Vint Cerf: Media Tagging Can Be Disconcerting
coondoggie writes "Cerf says he profoundly feels the advent of cameras everywhere and the ability to post video and photos online can be hugely disconcerting. He recounts how he stepped once off a helicopter for a meeting in Brazil and minutes later was informed a video of himself doing that had been posted to YouTube, something he found to be a discomforting experience. He says getting constant notes about being 'tagged' in online photos from social networking sites such as Facebook still remains a bit of a jolt."
Here you learn what to do to avoid being tagged.
sed -e 's/Chuck Norris/Rajnikant/g' joke > fact
He looks too important.
Maybe people would cease to tag him if he didn't look like the Architect from Matrix.
What is scary about this technology is that anyone will be able to tag anyone else and follow them any where they go.
With Facebook, plus facial recognition, plus public video, plus tagging, I can follow/cyberstalk anyone from anywhere.
Welcome to the world where everyone is your Big Brother.

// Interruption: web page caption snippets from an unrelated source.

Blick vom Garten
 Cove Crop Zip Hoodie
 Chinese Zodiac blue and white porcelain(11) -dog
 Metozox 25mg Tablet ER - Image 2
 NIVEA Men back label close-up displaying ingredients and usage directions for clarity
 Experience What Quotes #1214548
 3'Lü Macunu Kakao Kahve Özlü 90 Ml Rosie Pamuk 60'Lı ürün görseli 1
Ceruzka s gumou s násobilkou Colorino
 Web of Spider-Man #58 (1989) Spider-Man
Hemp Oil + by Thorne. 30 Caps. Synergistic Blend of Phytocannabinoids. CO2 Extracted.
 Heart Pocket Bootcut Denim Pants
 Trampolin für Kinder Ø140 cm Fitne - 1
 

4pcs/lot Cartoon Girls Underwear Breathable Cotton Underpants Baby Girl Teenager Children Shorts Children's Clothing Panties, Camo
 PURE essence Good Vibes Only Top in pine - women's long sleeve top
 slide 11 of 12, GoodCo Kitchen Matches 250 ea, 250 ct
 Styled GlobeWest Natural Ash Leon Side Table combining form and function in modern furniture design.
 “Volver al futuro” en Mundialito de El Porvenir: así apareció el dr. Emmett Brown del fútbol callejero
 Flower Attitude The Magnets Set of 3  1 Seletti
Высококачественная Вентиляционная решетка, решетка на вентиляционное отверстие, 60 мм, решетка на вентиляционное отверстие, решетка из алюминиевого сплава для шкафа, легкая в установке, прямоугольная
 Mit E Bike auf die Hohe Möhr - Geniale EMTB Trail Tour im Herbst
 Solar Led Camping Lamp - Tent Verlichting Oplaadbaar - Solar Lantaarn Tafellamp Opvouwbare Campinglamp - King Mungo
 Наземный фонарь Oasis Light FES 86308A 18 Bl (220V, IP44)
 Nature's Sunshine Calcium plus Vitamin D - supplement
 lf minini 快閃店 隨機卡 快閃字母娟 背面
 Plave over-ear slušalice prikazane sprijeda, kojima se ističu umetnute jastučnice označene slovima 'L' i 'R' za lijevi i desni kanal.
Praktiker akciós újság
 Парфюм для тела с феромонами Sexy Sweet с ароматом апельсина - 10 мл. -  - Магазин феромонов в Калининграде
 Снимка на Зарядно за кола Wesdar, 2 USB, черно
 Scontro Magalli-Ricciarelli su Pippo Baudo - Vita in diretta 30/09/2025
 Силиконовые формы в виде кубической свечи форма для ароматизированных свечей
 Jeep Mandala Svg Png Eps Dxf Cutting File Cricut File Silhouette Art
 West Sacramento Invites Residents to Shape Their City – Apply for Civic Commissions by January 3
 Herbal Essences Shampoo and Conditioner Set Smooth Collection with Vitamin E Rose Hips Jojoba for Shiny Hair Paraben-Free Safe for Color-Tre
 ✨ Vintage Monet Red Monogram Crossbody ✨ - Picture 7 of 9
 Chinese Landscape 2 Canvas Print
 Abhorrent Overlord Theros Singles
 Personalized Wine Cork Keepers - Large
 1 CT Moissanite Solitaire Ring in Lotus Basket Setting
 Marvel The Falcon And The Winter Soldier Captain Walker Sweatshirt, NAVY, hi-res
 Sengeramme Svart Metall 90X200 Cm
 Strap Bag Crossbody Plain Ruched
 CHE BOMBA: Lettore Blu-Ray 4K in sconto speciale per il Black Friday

Because at this point it's a moot point. Once the public knows who you are, there's no guarantee that you'll ever be able to arrange for yourself to be forgotten. It kind of reminds me of what I've heard about Greta Garbo, she did her last work in 1948 and spent the next 40 years or so being out of the spotlight. In the modern era, she'd be completely unable to maintain that as every time somebody did sight her there would be a tagged image on the net.
What personally concerns me is that it's not just celebrities that end up online like that, an increasing number of people are posted and tagged by friends and complete strangers without any control. Just look at the people of walmart site.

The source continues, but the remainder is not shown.